We propose the recognition of four quasi-structures, each of which has a foundation that is consistent with the conceptual underpinning of Clementsian, evenly spaced, Gleasonian, or nested distributions. Each quasi-structure has the same basic characteristics as its associated idealized structure, except that range turnover is indistinguishable from random. Although some expectation of turnover is associated with non-random structures, significantly positive or negative turnover is not a fundamental characteristic of Gleasonian, evenly spaced, or nested distributions. For example, because distributions of restricted-range species are contained within those of wide-ranging species in nested structures, one would expect nested distributions to have negative turnover (i.e. fewer replacements than the average in randomly generated matrices); however, turnover need not result in statistical significance for a nested pattern to best describe a metacommunity. Similarly, some positive turnover is a fundamental character of Gleasonian or evenly spaced distributions, but statistically significant positive turnover is not required for such patterns to best describe a metacommunity. Nonetheless, the level of significance associated with turnover likely indicates the strength of structuring mechanisms, with quasi-structures resulting from weaker structuring forces than those effecting structures in which turnover is significant.

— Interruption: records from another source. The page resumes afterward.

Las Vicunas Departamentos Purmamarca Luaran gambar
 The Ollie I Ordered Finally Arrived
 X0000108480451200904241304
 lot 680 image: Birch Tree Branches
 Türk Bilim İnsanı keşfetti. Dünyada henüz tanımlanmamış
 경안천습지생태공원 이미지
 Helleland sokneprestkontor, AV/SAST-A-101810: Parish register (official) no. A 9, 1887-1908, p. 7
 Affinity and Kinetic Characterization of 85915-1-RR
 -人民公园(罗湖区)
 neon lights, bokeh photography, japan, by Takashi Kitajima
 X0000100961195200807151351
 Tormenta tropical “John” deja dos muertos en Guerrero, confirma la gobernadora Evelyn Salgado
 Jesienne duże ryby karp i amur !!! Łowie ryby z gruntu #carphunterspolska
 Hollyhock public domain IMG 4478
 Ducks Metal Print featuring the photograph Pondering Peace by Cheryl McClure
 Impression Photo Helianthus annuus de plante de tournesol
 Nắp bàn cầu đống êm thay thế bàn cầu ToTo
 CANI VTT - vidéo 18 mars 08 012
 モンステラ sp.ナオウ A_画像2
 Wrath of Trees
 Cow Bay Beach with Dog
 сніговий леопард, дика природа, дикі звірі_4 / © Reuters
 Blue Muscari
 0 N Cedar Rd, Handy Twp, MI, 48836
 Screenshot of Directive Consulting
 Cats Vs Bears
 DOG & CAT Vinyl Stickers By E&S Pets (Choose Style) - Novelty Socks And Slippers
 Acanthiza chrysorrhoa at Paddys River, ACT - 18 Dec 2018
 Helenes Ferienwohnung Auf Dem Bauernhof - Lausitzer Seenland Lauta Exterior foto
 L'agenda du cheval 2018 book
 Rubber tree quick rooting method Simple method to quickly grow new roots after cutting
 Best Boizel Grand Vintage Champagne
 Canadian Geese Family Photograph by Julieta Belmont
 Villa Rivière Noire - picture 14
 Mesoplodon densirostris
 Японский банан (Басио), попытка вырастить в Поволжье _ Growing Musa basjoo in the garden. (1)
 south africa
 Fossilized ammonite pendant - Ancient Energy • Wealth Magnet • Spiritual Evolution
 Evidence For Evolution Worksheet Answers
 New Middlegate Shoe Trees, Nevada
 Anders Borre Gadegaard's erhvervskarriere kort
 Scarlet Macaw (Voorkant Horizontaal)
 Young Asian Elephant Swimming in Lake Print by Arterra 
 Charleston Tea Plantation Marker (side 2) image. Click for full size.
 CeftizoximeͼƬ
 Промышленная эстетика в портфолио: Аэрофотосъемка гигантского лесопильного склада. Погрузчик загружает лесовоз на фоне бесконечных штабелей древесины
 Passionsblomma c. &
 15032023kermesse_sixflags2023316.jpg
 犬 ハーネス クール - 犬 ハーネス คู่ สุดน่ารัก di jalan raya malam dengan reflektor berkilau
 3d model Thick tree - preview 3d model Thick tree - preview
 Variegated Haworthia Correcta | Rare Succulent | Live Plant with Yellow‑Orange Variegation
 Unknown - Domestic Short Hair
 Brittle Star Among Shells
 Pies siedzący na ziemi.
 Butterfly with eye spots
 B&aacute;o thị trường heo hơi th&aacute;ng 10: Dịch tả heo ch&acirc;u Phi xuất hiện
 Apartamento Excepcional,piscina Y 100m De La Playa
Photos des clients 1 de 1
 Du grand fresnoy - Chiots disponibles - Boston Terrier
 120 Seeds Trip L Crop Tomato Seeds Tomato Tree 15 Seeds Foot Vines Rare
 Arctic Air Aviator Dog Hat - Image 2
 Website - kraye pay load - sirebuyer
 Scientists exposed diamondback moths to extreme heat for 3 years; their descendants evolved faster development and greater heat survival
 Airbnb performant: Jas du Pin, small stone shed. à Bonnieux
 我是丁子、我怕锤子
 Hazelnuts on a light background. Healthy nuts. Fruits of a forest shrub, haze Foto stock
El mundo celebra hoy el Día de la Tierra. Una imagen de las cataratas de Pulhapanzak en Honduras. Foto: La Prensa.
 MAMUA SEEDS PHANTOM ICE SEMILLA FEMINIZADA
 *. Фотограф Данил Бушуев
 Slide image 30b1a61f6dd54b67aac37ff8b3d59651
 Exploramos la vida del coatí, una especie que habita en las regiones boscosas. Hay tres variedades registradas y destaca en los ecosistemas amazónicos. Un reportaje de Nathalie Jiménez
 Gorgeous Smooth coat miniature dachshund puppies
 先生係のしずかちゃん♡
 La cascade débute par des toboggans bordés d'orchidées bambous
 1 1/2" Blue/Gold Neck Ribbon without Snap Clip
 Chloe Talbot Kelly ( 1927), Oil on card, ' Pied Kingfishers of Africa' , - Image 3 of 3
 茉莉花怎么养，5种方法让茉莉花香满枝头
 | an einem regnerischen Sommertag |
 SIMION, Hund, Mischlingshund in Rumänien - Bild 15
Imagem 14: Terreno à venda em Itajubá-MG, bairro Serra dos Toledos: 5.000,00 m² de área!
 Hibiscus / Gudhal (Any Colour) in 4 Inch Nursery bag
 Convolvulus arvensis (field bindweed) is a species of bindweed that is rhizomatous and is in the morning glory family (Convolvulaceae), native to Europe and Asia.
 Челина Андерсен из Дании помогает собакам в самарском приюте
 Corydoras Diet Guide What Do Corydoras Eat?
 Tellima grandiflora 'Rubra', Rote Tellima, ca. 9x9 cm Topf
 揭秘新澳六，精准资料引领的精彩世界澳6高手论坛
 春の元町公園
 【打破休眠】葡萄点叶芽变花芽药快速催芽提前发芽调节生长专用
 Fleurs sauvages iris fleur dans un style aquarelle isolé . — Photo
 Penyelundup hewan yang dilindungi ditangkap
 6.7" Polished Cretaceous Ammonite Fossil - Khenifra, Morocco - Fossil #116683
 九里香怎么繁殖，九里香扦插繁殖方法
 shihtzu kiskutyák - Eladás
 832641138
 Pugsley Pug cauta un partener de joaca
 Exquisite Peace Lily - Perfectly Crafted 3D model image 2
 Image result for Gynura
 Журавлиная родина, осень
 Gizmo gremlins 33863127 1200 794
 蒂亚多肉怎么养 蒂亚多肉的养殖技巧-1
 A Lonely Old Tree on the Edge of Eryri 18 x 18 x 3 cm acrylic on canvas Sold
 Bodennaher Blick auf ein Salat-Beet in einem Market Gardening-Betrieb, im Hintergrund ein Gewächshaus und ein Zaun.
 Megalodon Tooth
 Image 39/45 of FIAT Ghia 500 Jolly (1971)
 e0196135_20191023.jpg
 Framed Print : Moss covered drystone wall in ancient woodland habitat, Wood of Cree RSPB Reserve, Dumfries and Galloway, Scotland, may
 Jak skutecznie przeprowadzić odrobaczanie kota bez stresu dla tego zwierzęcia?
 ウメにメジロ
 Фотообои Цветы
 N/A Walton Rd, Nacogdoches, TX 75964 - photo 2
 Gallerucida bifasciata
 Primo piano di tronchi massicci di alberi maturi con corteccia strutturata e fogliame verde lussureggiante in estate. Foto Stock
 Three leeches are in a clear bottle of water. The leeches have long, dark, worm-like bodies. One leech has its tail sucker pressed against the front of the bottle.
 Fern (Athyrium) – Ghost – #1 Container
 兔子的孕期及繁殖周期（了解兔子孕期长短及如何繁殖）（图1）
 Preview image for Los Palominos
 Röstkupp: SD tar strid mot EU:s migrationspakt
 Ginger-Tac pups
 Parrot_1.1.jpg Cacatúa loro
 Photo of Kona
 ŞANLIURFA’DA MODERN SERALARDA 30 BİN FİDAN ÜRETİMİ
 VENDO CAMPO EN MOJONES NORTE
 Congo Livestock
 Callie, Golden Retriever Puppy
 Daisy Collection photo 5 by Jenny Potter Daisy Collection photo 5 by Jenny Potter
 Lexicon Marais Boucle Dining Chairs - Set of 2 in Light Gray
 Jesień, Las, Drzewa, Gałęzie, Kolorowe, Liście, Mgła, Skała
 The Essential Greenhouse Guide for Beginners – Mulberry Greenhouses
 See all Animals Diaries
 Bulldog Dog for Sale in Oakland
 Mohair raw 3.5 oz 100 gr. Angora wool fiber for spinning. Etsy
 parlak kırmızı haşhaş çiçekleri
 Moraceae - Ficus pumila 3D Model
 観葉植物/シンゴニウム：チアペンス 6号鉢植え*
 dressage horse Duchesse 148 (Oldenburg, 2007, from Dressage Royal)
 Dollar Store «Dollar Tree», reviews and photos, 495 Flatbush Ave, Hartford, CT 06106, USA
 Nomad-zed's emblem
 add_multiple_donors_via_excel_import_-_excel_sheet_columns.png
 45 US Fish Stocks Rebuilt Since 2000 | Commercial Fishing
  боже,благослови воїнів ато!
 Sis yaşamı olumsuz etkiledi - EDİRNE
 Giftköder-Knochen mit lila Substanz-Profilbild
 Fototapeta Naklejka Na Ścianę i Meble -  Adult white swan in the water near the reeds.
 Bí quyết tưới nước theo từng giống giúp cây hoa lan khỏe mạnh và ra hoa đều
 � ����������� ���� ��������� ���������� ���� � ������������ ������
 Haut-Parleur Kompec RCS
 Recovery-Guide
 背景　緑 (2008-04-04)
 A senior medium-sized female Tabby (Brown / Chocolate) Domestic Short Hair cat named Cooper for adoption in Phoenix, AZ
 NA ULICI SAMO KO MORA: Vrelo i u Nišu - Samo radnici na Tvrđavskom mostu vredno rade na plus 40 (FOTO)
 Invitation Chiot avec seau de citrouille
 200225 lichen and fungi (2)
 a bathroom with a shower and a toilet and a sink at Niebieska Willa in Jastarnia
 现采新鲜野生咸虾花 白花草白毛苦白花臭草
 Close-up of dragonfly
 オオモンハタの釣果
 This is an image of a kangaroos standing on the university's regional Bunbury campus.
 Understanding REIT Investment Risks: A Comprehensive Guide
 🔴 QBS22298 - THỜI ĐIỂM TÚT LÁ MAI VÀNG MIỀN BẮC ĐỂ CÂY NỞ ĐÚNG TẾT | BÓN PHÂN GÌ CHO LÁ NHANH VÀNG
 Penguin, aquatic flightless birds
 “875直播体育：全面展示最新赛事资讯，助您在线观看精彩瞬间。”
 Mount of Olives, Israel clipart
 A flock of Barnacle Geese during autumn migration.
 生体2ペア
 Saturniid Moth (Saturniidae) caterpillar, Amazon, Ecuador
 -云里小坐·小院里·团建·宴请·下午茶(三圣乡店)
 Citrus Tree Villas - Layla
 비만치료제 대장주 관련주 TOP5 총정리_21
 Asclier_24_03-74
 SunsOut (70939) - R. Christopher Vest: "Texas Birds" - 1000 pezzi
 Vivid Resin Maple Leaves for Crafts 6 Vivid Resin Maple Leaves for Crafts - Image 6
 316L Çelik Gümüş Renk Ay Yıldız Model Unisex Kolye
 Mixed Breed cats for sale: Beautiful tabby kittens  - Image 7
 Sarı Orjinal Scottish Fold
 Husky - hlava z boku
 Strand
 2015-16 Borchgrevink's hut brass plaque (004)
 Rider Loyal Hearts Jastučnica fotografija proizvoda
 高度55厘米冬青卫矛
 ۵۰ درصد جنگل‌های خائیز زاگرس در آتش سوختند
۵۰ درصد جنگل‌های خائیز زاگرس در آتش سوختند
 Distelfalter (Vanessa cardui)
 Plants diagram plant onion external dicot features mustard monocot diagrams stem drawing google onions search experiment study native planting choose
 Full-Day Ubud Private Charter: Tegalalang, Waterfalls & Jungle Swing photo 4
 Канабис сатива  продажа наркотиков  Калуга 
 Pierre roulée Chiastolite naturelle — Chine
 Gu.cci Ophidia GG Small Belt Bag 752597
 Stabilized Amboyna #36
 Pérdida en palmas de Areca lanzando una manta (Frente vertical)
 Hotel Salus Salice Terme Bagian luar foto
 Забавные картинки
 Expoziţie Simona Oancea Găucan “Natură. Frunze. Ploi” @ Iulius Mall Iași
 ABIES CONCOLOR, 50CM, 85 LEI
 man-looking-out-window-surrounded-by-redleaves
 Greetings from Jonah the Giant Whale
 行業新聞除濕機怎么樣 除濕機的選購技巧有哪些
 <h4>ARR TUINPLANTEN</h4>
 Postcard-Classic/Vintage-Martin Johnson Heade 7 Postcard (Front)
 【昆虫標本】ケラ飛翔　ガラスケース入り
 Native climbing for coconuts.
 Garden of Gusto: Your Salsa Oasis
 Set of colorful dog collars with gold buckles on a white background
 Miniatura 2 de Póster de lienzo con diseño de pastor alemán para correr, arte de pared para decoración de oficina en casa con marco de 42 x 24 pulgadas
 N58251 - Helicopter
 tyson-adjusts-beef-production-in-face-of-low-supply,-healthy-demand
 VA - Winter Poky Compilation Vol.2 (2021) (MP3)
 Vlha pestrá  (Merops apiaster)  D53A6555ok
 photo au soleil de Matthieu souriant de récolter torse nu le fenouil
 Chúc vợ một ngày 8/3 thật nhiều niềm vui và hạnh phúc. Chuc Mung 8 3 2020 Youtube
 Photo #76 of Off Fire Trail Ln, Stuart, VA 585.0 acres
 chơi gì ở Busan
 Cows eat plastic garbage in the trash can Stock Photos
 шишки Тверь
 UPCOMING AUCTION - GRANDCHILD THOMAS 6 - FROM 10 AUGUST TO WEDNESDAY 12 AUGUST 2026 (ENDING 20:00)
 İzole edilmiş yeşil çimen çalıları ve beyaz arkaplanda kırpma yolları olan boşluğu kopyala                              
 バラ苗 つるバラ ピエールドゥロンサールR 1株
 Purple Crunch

Reciprocal averaging.--Reciprocal averaging is the best indirect ordination procedure to discern sample variation in response to environmental gradients (Gauch et al. 1977). More specifically, reciprocal averaging allows composition of communities and occurrence of species to define the gradient that is important to metacommunity structure and ordinates communities and species along that gradient. Reciprocal averaging does not suffer from some of the problems associated assumptions about which variables (e.g., temperature, latitude or elevation) define species distributions, the nature (e.g., linear or curvilinear) of such relationships, or the scale of responses. Consequently, when subjected to reciprocal averaging, a metacommunity may ordinate along a gradient that integrates multiple environmental characteristics that are important to species distributions. Michael Palmer provides a brief but informative overview of ordination procedures, including reciprocal averaging.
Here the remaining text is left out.